- _TASK DETAILS_: Transcribe the entries below with complete accuracy, excluding the pictures.

- _PROVIDED INFORMATION_:
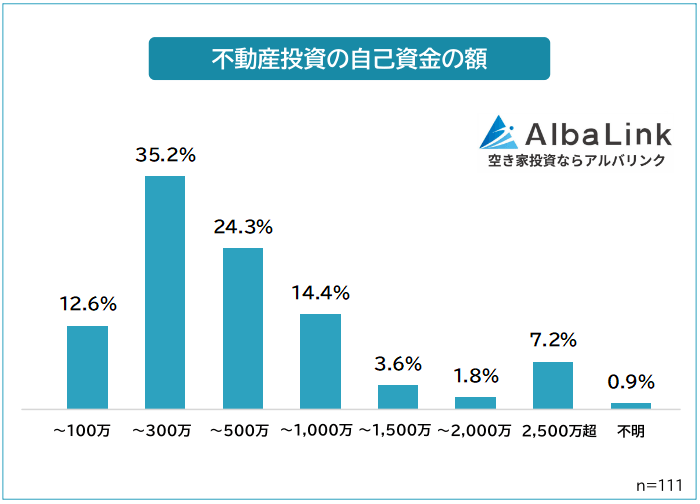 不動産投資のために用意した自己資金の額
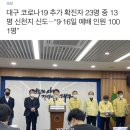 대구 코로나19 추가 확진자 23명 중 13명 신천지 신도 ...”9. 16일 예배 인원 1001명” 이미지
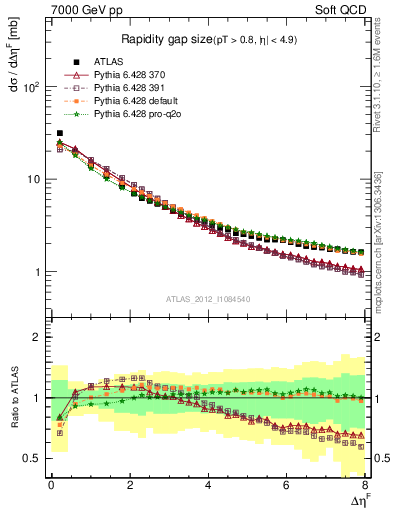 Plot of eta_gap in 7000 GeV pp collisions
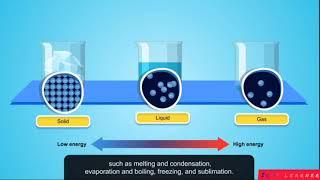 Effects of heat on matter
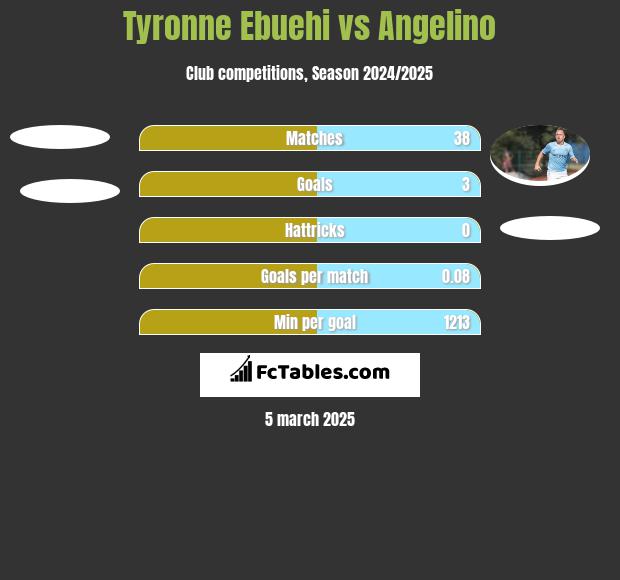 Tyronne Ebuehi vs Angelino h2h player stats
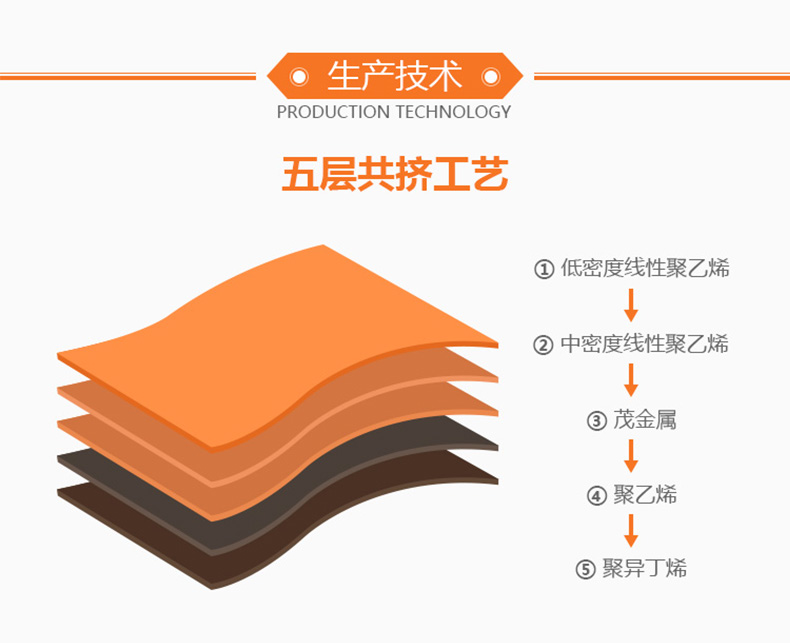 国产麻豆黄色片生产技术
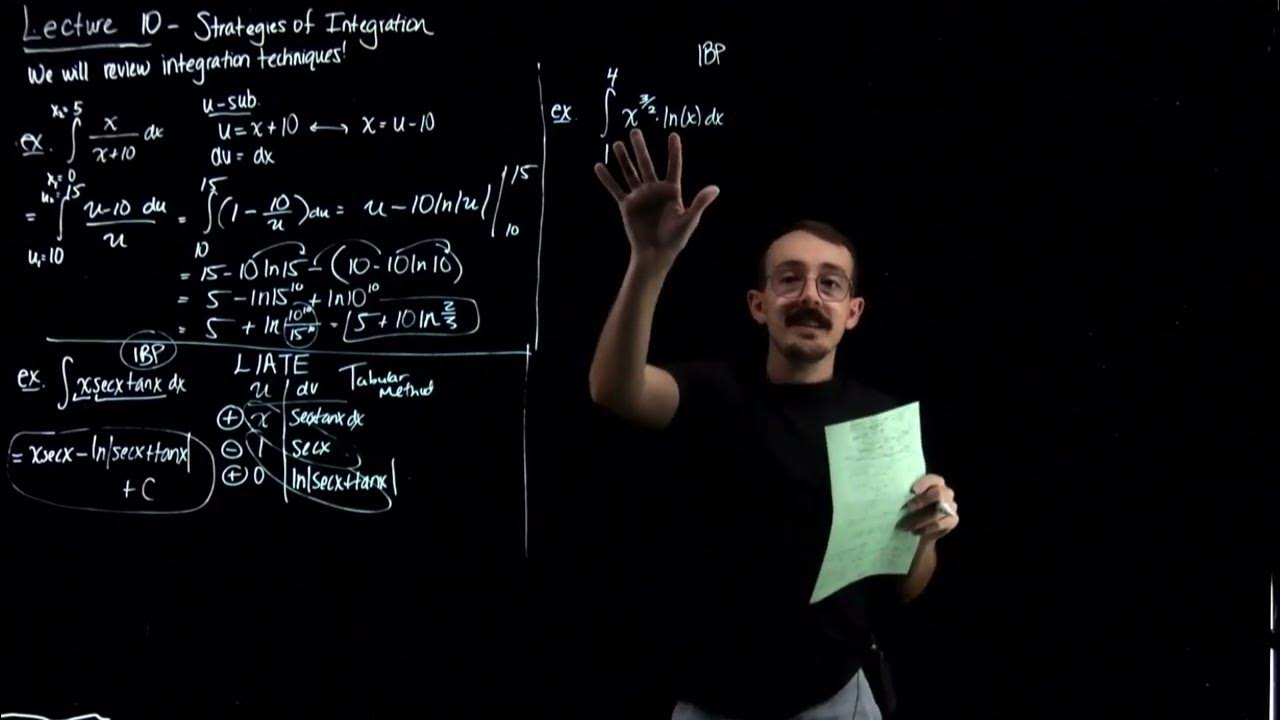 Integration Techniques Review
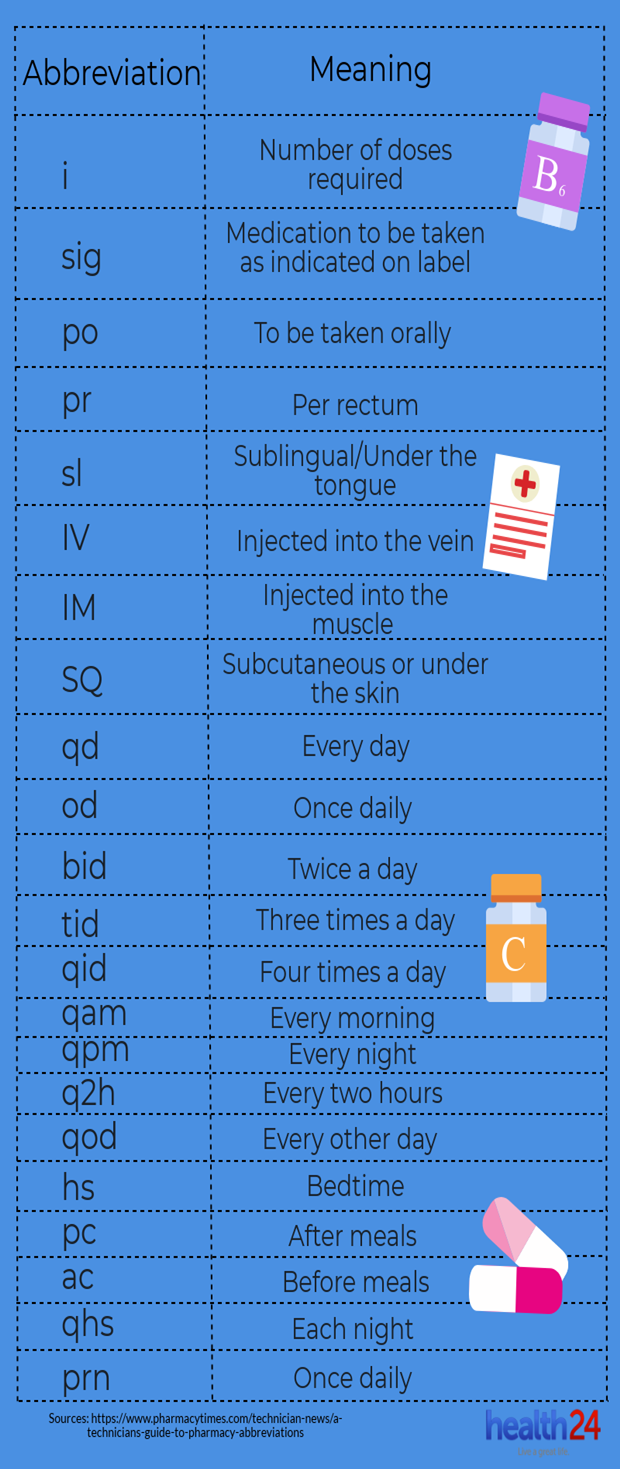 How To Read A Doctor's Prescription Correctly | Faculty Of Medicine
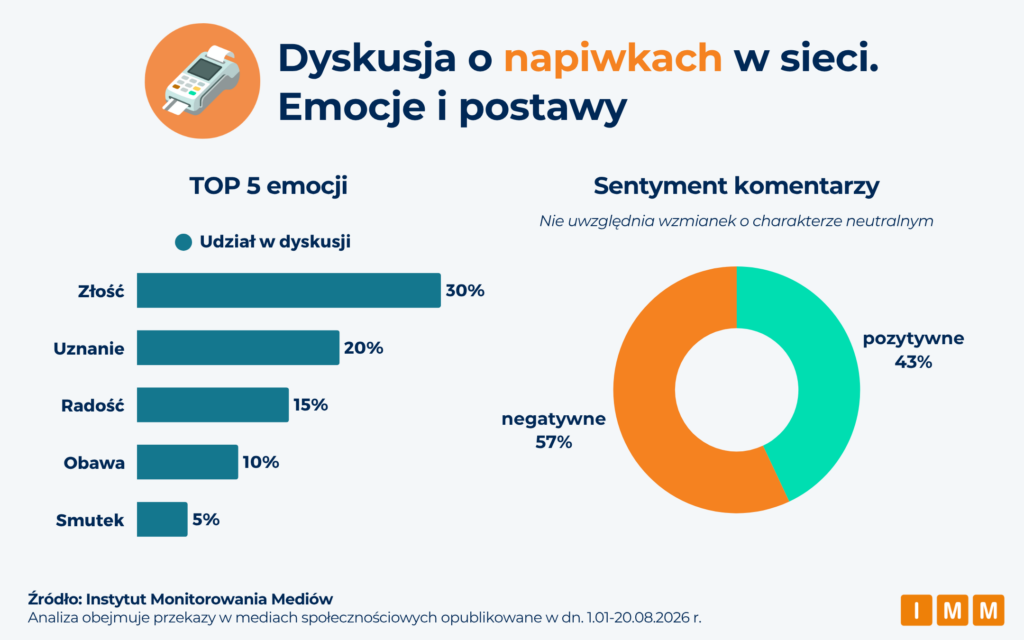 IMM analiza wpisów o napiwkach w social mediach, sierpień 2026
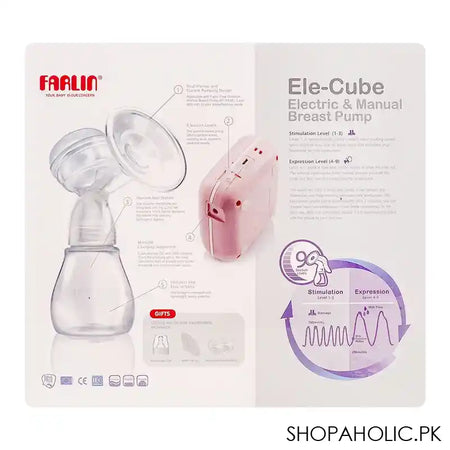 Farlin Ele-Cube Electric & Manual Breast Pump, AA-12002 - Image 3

- _RESULT_:
 不動産投資のために用意した自己資金の額
 대구 코로나19 추가 확진자 23명 중 13명 신천지 신도 ...”9. 16일 예배 인원 1001명” 이미지
 Plot of eta_gap in 7000 GeV pp collisions
 Effects of heat on matter
 Tyronne Ebuehi vs Angelino h2h player stats
 国产麻豆黄色片生产技术
 Integration Techniques Review
 How To Read A Doctor's Prescription Correctly | Faculty Of Medicine
 IMM analiza wpisów o napiwkach w social mediach, sierpień 2026
 Farlin Ele-Cube Electric & Manual Breast Pump, AA-12002 - Image 3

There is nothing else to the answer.